## Stored data
▽
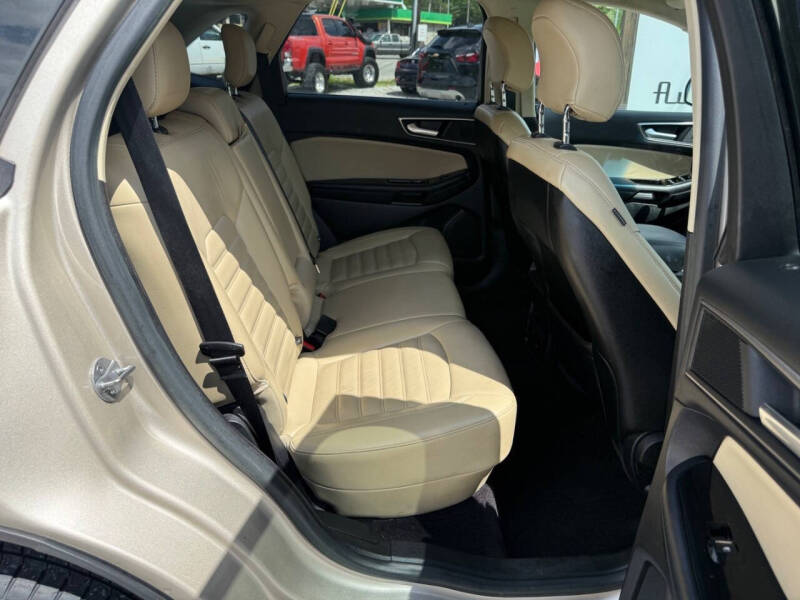 2017 Ford Edge SEL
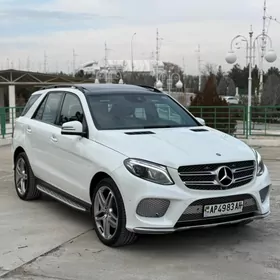 Mercedes-Benz GLE-Class 2017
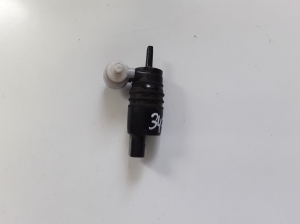 Mini Clubman F54 (2014–2026) Front windshield washer pump 7388349 - 2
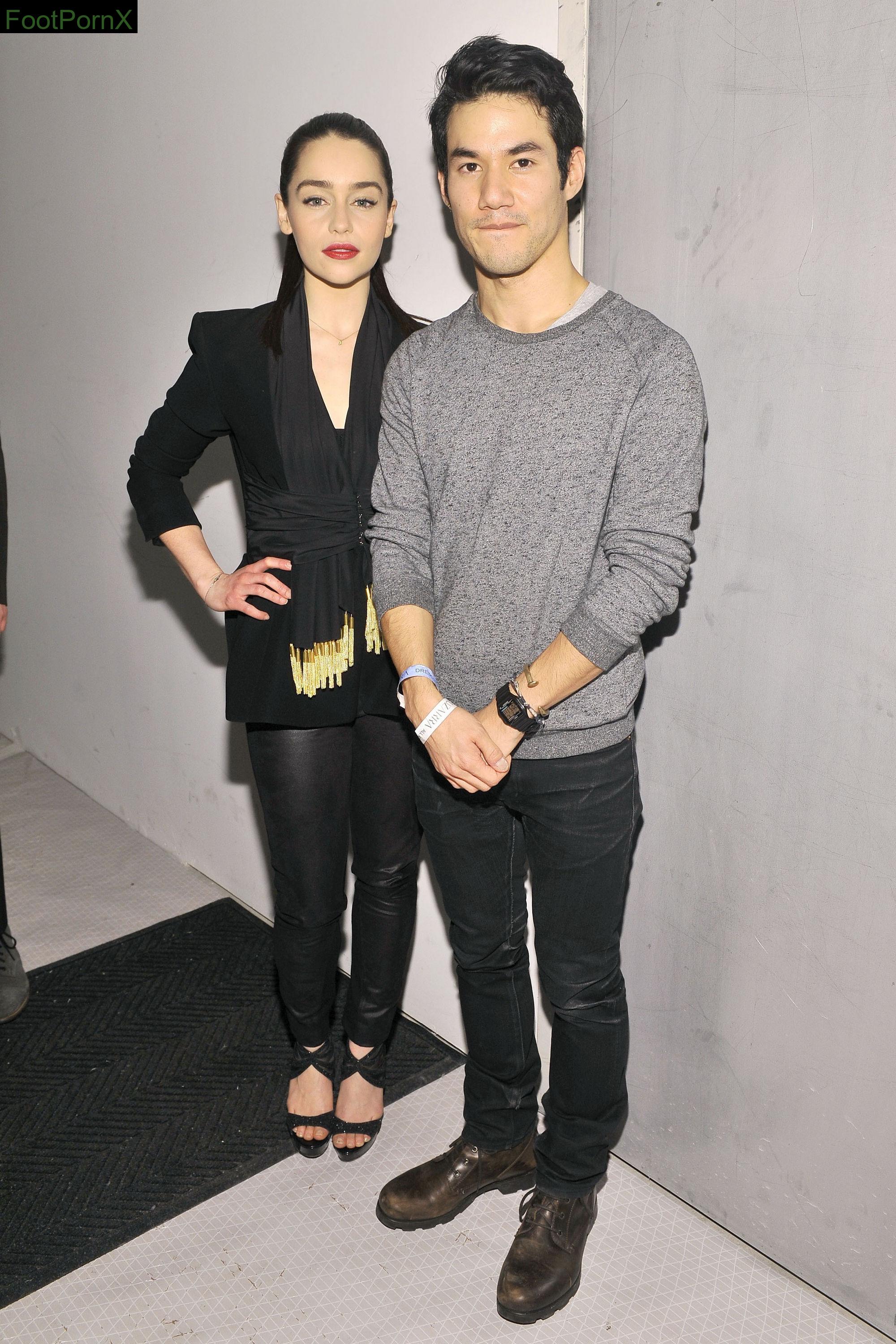 emilia clarke feet photo 11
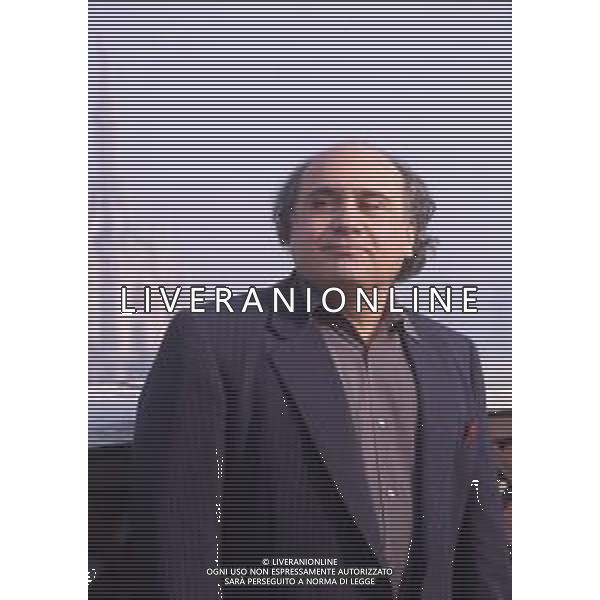 RETROSPETTIVA DANNY DE VITO ATTORE NELLA FOTO DANNY DE VITO A MILANO IN TERRAZZA MARTINI NELL\'ANNO 1989 AG ALDO LIVERANI SAS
△
## About this task
Print the records above again exactly. Leave out the images.

## Your response
 2017 Ford Edge SEL
 Mercedes-Benz GLE-Class 2017
 Mini Clubman F54 (2014–2026) Front windshield washer pump 7388349 - 2
 emilia clarke feet photo 11
 RETROSPETTIVA DANNY DE VITO ATTORE NELLA FOTO DANNY DE VITO A MILANO IN TERRAZZA MARTINI NELL\'ANNO 1989 AG ALDO LIVERANI SAS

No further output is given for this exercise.